Technically this is correct, although it's not so much that they'd have to act on an adverse event. The real issue is that it's wasteful to order a test that won't change your management. For a surgeon, what matters is whether a patient is fit for surgery (or fit for anaesthesia as the anaesthesiologists would say). So even if some test value is elevated, if the abnormality isn't going to affect the consent for anaesthesia then it makes no sense to look.

In a way this might sound unethical but the problem is that the line has to be drawn somewhere. To some extent we have to screen for common problems, no matter what the diagnosis, but everyone can't get a full body MRI. Besides, screening is really primary care. Hospitals have their own purpose.

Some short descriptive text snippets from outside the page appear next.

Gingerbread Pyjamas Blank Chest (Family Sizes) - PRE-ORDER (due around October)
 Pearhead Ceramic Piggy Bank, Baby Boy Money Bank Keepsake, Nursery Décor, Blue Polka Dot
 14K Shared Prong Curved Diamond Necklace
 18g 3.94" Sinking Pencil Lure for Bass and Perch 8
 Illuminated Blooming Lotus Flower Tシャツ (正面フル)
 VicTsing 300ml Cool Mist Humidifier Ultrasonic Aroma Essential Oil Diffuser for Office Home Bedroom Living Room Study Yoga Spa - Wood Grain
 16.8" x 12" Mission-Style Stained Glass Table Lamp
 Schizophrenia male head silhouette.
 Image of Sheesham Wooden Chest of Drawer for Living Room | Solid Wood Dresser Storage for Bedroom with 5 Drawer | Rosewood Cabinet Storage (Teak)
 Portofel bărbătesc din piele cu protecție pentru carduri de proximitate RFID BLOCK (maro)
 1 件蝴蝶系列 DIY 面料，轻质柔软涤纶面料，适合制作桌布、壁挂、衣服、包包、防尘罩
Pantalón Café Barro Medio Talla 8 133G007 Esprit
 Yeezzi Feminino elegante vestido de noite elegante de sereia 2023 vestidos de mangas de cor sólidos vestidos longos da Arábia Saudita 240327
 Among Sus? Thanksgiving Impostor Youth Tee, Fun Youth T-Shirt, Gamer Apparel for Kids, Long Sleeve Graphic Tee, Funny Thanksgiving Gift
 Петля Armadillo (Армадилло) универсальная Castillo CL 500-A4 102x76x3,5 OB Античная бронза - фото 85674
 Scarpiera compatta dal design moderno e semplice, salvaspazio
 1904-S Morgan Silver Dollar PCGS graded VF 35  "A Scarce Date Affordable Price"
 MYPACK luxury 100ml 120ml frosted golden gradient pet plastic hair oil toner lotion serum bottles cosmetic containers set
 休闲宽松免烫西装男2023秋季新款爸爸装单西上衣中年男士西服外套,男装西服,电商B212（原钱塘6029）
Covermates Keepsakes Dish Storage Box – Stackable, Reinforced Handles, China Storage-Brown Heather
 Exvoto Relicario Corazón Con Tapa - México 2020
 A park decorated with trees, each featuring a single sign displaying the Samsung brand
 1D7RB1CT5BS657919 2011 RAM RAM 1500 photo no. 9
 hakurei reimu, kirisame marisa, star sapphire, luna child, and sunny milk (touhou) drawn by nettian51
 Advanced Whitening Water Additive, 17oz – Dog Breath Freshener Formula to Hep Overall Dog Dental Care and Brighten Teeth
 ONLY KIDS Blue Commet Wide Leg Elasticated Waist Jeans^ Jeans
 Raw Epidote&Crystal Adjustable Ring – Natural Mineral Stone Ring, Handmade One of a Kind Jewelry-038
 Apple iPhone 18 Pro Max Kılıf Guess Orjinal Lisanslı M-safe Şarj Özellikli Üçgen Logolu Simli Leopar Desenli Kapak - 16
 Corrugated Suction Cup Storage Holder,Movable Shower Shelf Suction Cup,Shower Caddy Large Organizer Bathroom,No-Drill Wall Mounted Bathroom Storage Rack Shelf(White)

The other thing is that it depends on which service the patient is on (as you noted). At my school, the medical people are more vigilant about these things than the surgical ones. Medicine tends to do more extensive work-ups and full histories and physicals no matter what. If you come to surgery with a gallbladder problem, they're probably only going to examine the RUQ of your abdomen. We still do an X-ray and ECG for all surgeries on patients over 40. But that's a hospital regulation and it's only so because the Anaesthesiologists won't consent to surgery unless it is done.

Dragonfly said...

The head of anaesthetics at my current hospital said something similar to what Mayhem said. He said "don't order baseline tests "just because" unless they will alter management". Routine tests such as ECGs still happen though. Tests that are indicated such as cross matching or renal function are ordered where indicated only.

Lily said...

I totally agree with the sentiment that tests shouldn't be ordered unless they'll change a management plan, but surely there's another lesson to be learnt here. That if you order a test for whatever reason you need to make sure that you've checked the report.